*What to work on*:
Give again, exactly as written, the lines of the records below from the line with "Aggressive Swan" to the line with "Delicate pink Cyclamens". Both end lines count; pictures do not.

*Dataset*:
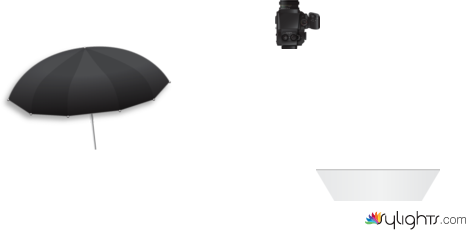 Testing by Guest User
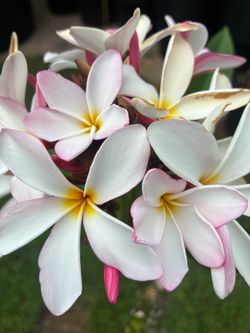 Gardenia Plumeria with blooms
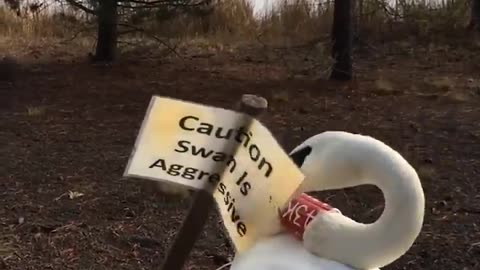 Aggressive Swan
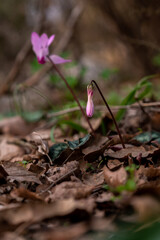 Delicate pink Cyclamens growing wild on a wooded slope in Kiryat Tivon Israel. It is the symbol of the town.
--
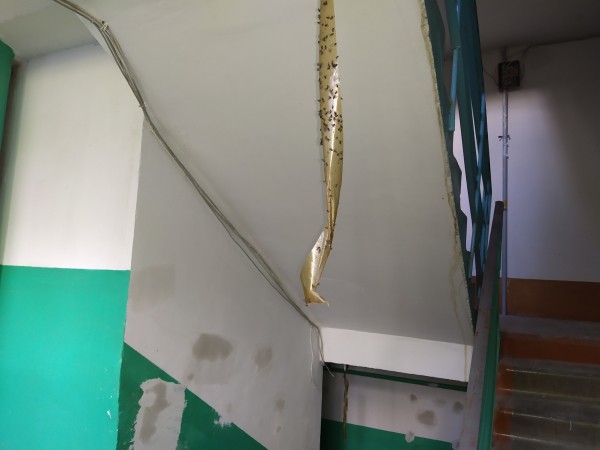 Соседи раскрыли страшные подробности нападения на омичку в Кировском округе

*Written solution*:
 Aggressive Swan
 Delicate pink Cyclamens growing wild on a wooded slope in Kiryat Tivon Israel. It is the symbol of the town.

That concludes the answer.